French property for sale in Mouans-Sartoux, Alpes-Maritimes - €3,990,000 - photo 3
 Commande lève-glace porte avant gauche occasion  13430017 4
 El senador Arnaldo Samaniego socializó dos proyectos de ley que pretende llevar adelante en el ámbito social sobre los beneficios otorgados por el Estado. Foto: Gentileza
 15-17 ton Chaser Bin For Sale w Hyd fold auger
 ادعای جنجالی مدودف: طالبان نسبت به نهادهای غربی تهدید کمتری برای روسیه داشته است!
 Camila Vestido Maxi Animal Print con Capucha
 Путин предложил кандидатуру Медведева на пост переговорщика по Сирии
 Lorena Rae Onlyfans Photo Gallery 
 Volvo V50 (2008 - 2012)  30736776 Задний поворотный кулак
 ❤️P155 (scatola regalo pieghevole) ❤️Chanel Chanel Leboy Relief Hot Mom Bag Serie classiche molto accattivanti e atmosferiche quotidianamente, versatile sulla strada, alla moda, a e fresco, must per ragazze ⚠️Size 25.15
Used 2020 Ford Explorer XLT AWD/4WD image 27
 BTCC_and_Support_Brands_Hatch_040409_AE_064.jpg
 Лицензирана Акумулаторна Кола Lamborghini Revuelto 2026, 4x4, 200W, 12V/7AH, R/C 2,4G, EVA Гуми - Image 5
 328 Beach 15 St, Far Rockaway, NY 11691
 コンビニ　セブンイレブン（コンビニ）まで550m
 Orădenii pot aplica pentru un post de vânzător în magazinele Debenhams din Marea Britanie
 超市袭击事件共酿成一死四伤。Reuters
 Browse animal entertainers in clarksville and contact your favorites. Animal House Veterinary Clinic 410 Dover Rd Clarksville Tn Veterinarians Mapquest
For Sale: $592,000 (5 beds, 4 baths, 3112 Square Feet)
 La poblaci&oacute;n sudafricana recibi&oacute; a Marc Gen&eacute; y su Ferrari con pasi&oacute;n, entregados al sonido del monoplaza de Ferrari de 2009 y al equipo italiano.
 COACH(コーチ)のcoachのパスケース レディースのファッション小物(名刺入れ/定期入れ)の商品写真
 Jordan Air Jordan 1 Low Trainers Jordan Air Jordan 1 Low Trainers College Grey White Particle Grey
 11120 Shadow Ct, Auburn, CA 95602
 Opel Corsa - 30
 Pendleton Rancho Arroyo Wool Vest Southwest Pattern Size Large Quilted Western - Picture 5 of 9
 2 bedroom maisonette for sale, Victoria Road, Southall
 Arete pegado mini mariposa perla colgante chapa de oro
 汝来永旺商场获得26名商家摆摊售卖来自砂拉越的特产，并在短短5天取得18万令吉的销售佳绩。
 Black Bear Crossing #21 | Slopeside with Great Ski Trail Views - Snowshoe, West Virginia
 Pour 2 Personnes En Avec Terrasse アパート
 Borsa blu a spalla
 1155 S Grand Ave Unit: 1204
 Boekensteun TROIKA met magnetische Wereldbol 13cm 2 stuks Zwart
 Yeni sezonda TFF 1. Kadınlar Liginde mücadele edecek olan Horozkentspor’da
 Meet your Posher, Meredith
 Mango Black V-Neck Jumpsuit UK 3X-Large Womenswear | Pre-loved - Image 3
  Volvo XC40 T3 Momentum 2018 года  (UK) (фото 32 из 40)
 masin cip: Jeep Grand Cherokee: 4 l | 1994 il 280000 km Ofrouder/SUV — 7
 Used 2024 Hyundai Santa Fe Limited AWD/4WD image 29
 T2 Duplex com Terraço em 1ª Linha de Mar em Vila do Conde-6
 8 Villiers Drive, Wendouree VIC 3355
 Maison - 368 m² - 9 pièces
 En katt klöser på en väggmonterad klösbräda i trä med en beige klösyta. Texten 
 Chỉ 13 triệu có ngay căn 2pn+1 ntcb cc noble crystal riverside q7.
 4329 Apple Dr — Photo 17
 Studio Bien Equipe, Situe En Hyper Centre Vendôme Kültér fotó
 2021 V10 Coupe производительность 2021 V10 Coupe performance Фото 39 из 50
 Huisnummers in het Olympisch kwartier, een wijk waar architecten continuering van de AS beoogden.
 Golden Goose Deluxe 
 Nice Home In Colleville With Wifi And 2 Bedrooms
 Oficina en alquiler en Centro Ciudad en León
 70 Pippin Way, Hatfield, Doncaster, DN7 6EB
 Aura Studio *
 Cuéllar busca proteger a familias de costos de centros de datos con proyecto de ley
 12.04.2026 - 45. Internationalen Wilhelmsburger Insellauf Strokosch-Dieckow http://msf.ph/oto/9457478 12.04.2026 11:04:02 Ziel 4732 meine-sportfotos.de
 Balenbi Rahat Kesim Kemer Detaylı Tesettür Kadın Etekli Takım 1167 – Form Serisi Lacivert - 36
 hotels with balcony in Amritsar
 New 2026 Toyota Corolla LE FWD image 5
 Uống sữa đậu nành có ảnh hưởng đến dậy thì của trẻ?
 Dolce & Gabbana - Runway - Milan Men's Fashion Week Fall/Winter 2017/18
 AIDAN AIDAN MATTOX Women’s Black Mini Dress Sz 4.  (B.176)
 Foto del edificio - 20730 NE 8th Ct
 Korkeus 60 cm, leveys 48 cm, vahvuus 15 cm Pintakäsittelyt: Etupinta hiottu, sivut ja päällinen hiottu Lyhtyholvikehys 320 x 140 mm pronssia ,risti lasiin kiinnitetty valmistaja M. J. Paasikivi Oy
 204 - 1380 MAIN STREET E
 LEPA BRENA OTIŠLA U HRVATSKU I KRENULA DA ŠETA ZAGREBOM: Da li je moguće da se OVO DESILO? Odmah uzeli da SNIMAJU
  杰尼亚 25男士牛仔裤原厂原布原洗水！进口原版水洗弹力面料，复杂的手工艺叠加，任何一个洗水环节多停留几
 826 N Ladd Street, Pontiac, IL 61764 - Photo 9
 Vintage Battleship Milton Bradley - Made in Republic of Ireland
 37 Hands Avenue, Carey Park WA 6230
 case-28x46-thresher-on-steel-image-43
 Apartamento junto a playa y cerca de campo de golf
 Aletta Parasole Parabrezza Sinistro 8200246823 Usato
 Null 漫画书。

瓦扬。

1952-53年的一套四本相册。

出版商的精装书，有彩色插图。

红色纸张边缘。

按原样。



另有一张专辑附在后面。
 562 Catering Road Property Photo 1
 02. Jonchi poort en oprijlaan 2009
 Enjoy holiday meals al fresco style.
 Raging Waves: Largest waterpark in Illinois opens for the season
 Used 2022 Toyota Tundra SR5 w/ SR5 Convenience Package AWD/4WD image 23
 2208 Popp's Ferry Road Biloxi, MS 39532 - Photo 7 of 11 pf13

=-=-=

Try it:
Among the entries above, find every line holding "Grand" and copy it.

Output of the task:
 1155 S Grand Ave Unit: 1204
 masin cip: Jeep Grand Cherokee: 4 l | 1994 il 280000 km Ofrouder/SUV — 7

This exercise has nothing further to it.